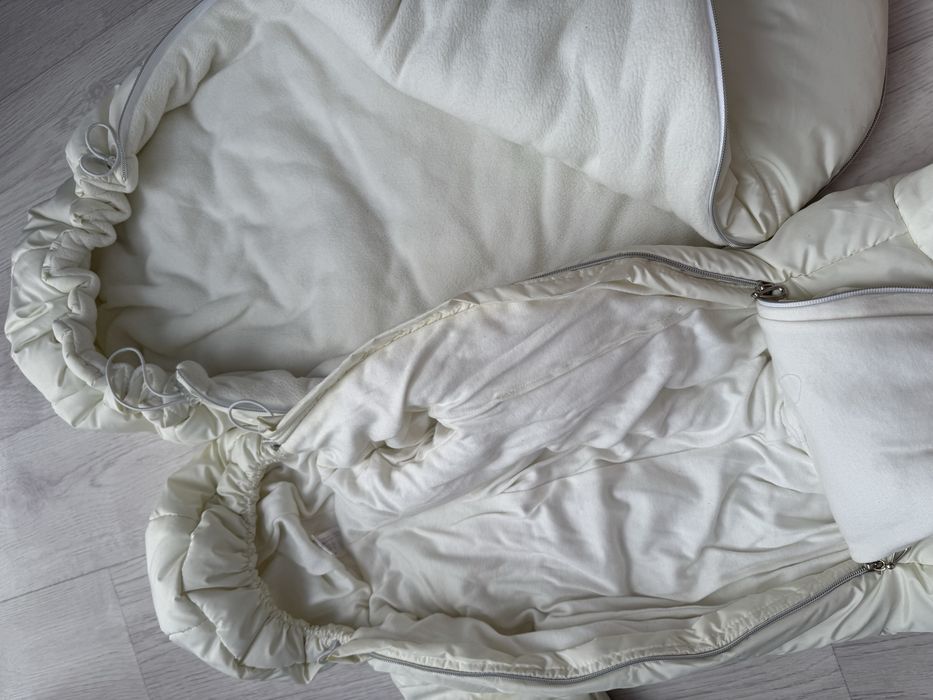 Продам конверт+ комбинезон на выписку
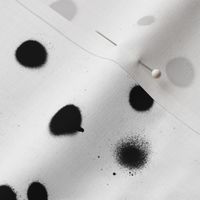 graffiti spray polka dots – black white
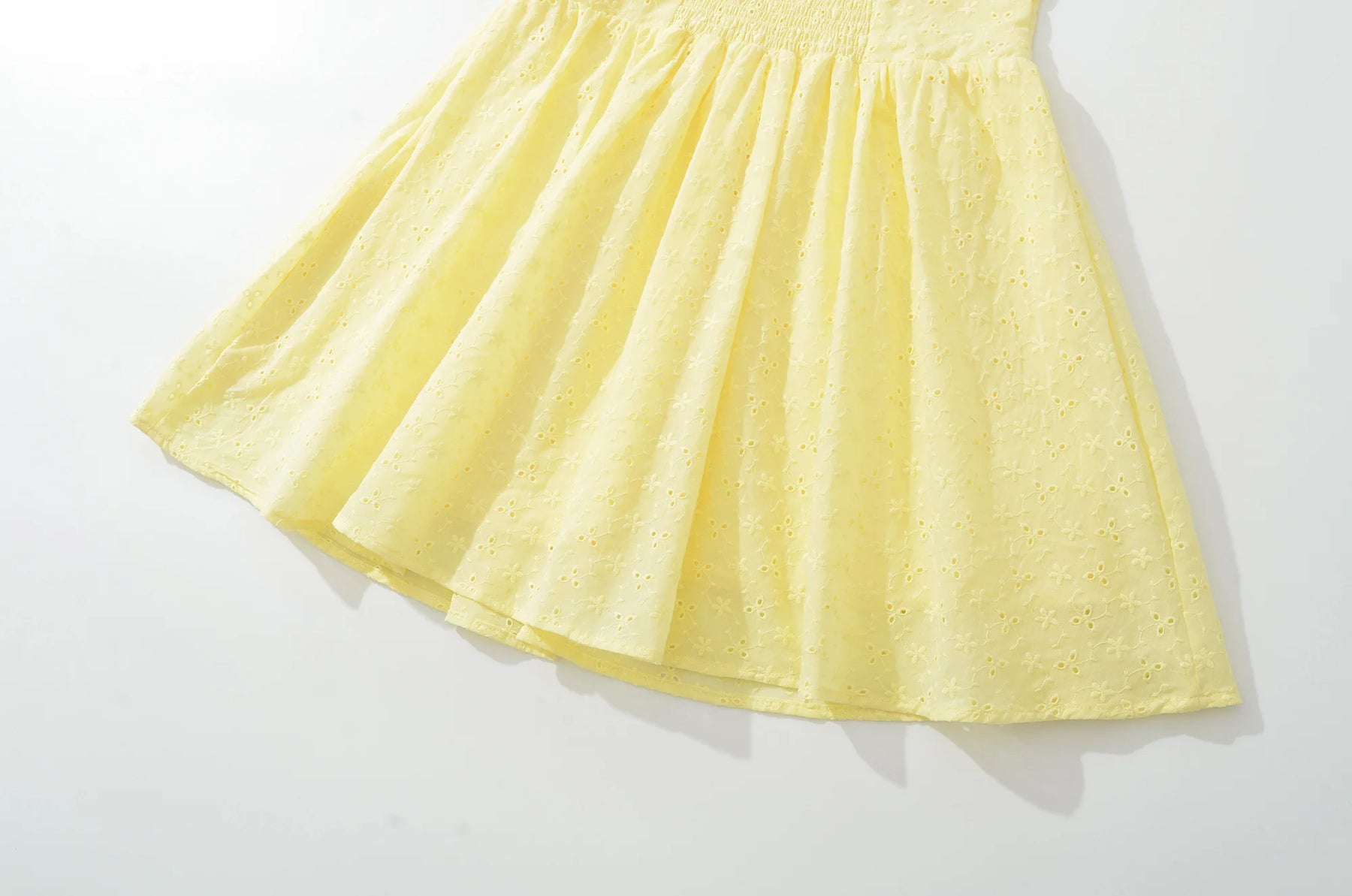 Vestido Prairie Chic – Floral Bordado, Mini, Verão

__ACTION ITEM__
Omit all pictures, and repeat exactly the lines from the line containing "graffiti spray polka dots – black white" through the end of the data.

__SOLUTION__
 graffiti spray polka dots – black white
 Vestido Prairie Chic – Floral Bordado, Mini, Verão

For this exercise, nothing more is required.